Physicians Ask Patients to Question Unnecessary Medical Tests

April 5, 2012

Medical testing, and the effort to stop physicians from doing too much of it, is ramping up among regulators, insurers, and physician groups.

Practice-based physicians will need to make a better effort not to order tests for patients that aren’t truly medically necessary.  

That’s because medical testing, and the effort to stop physicians from doing too much of it, is ramping up among regulators, insurers, and physician groups.

Most notably, nine physician organizations representing 374,000 physicians this week launched a new “Choosing Wisely” campaign to bring to light some of most common tests ordered by physicians that are often medically unnecessary, financially overused, and potentially dangerous to patients.

As part of the campaign, each participating organization came up with a list of “Five Things Physicians and Patients Should Question” to build consumer awareness to the importance of physician and patient conversations.  Each list represents specific, evidence-based recommendations, according to American Board of Internal Medicine (ABIM) Foundation, the blanket organization overseeing the campaign.

In the list created by the American Academy of Family Physicians, for example, the number one recommendation is “Don’t do imaging for low back pain within the first six weeks, unless red flags are present.”

That this effort comes on the heels of last week’s Supreme Court hearings of the Affordable Care Act - a law, which, at its core, centers on necessary healthcare spending - is merely a coincidence, said Daniel Wolfson, executive VP and COO of ABIM.

“The timing with the Supreme Court [hearings] is fortuitous,” Wolfson told Physicians Practice. “We’ve been in discussion with the specialty societies about joining the campaign for one year. There is a general problem of overuse, and ordering tests and procedures that aren’t necessary in most cases.”
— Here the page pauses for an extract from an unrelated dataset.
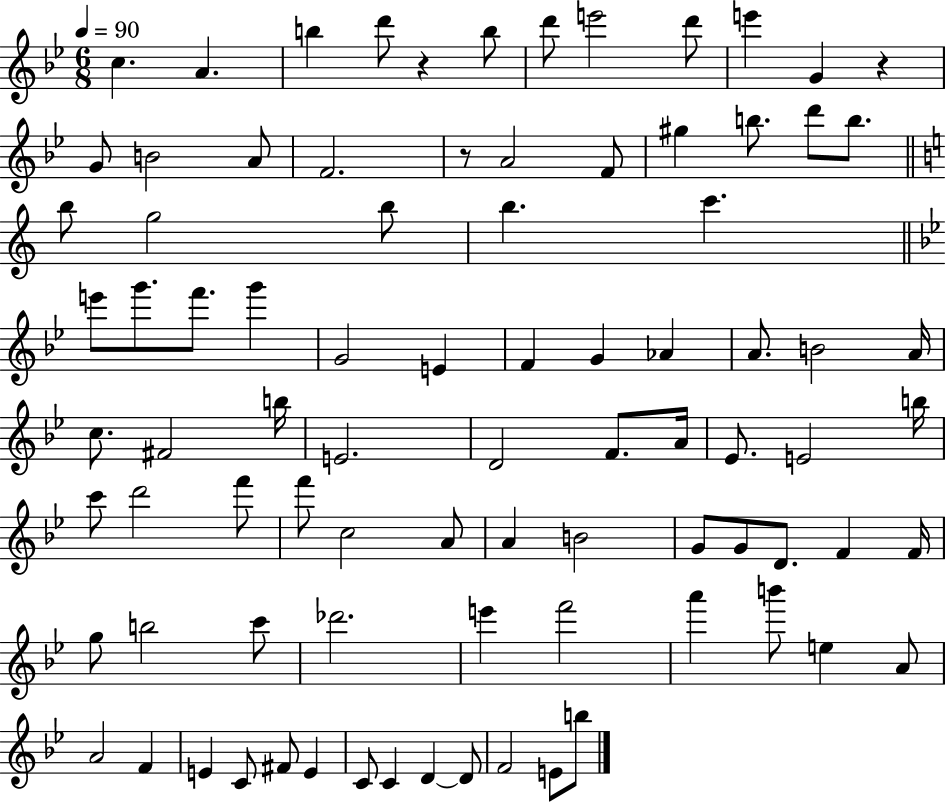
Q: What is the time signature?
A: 6/8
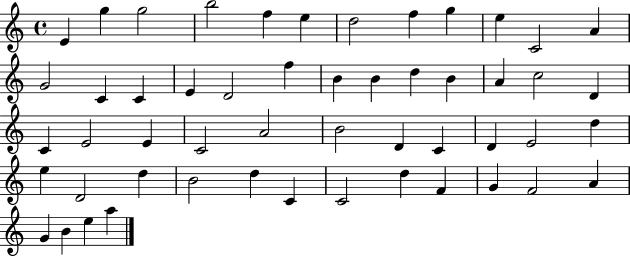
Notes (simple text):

E4/q G5/q G5/h B5/h F5/q E5/q D5/h F5/q G5/q E5/q C4/h A4/q G4/h C4/q C4/q E4/q D4/h F5/q B4/q B4/q D5/q B4/q A4/q C5/h D4/q C4/q E4/h E4/q C4/h A4/h B4/h D4/q C4/q D4/q E4/h D5/q E5/q D4/h D5/q B4/h D5/q C4/q C4/h D5/q F4/q G4/q F4/h A4/q G4/q B4/q E5/q A5/q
Over-ordering tests happens for many reasons, even among the most well-meaning physicians, Wolfson said. For starters, it’s habit. “That’s the way we’ve always done it, and it’s difficult to change habits,” he said.

In addition, “there’s a lot of consumer research going on, and consumers are coming in with a lot of requests, and there’s a tendency [by physicians] to order more tests to cover all bases.”
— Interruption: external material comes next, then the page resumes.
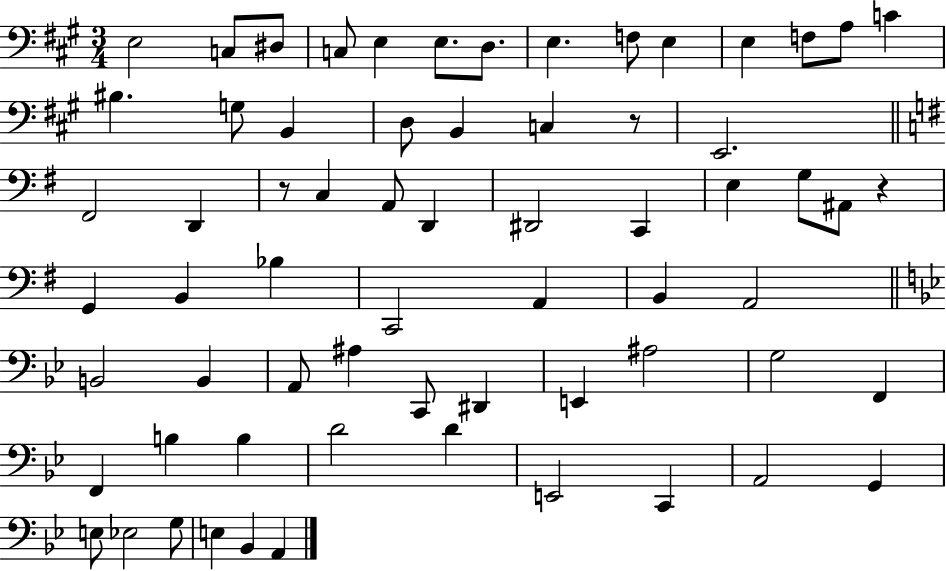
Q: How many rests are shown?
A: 3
Still, Wolfson conceded, many physicians might be wondering, “Why would someone want to reduce their income by reducing test procedures?” There are two answers for that. 

“One is that the world is changing, and we’re seeing it through the healthcare initiatives,” said Wolfson. “Accountable care organizations and Patient-centered Medical Homes are all changing the notion of what will be rewarded in the marketplace. I believe the marketplace will reward appropriate care and better outcomes.”

Second, if the healthcare law stays intact, “34 million people will have access to better insurance, and a there will be increased needs, and we need to free up capacity to address those needs.”

Interestingly, a recent, unrelated study published in the journal Health Affairs cites a 40 percent to 70 percent increase in testing among doctors with computerized access to test results (sometimes, but not necessarily, through an EHR).